ГЛЯДЯ НА ЛОДКИ В САН-САББА
Я слышал, как их юные сердца выкрикивают
Любовь над сверкающими веслами,
И слышал, как травы прерий вздыхают:
И никогда не возвращаться, никогда!
О сердца, о вздыхающие травы,
Тщетно оплакивать стяги, развевающиеся под ветром любви!
Никогда буйный ветер летящий
Не вернется, никогда не вернется.
Станислаусу он отослал это стихотворение с эпиграфом из Горация — «Quid si prisca redit Venus?»
[76] Разумеется, оно не о спорте. Так же, как и в стихотворении о цветке полно аллюзий с Суинберном, здесь просто слышна интонация Теннисона из хрестоматийного «Бей, бей, бей…». Джойс понимает, что его любовь обречена. Они никогда не видятся наедине, ему никогда не удавалось поговорить с ней о своем чувстве и услышать от нее хоть что-нибудь в ответ. Он показал ей фрагмент «Портрета…» — «эти бледные бесстрастные пальцы касались страниц, отвратительных и прекрасных, на которых позор мой будет гореть вечно». И она находит способ сказать ему, что «будь „Портрет художника“ откровенен лишь ради откровенности, она спросила бы, почему я дал ей прочесть его…». И он горестно-иронически приписывает: «Конечно, вы спросили бы! Дама ученая».

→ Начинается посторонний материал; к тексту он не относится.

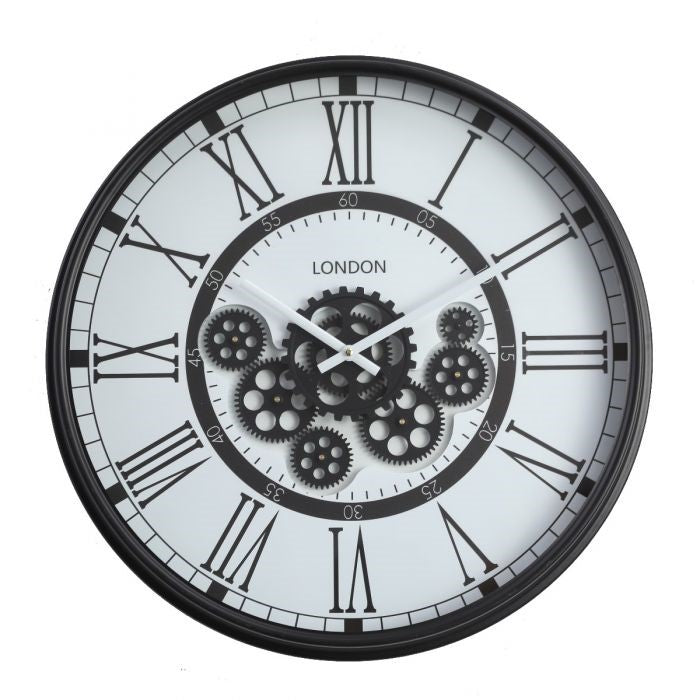 London modern round black and white exposed gear movement wall clock from Chilli Temptations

Все это тянется до лета 1914 года. «Голос мой тонет в эхе слов, так тонул в отдающихся эхом холмах полный мудрости и тоски голос Предвечного, звавшего Авраама. Она откидывается на подушки: одалиска в роскошном полумраке. Я растворяюсь в ней: и душа моя струит, и льет, и извергает жидкое и обильное семя во влажный теплый податливо призывный покой ее женственности… Теперь бери ее, кто хочет!..»
В рукописи есть латинская цитата из Евангелия от Иоанна: «Non hunc sed Barabbam!!»

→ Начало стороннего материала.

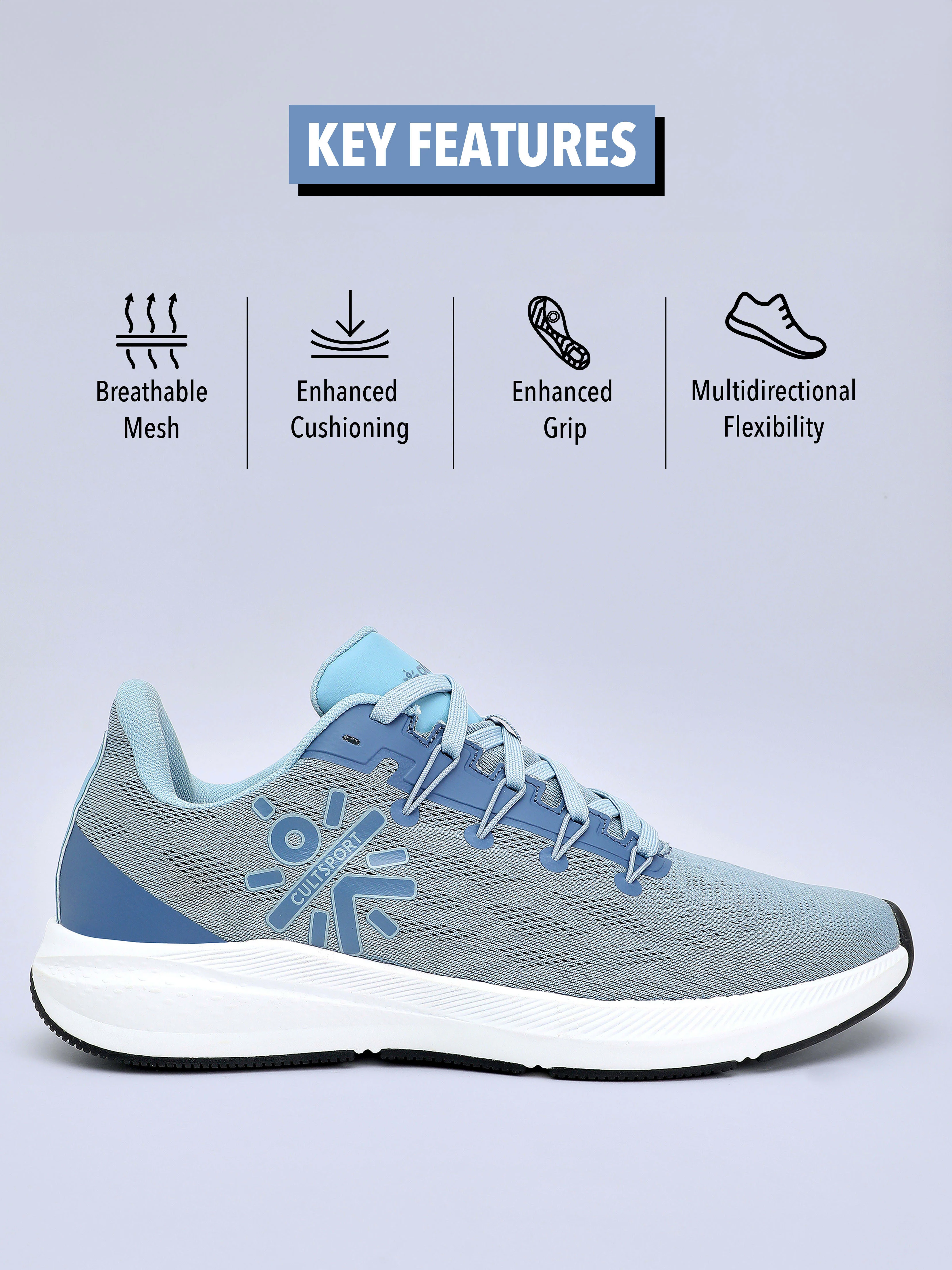cult Firebird Men Running Shoes - Ash Blue - Image 4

[77] Эллман объясняет ее так: «Как ее предки перед Пилатом, она предпочитает Варавву Христу». Его попытка объясниться натыкается на бесповоротный отказ, и в следующий его визит она словно обнесена стеной: «Запустение. Голые стены. Стылый дневной свет. Длинный черный рояль: мертвая музыка. Дамская шляпка, алый цветок на полях и зонтик, сложенный. Ее герб: шлем, червлень и тупое копье на щите, вороном». С жестокой насмешкой Джойс добавляет: «Посылка: любишь меня, люби мой зонтик».
Она исчезла из жизни Джойса, выйдя замуж за весьма положительного негоцианта и переехав во Флоренцию. В 1933 году она письмом испросила разрешения перевести на итальянский «Дублинцев», но, видимо, не справилась с работой.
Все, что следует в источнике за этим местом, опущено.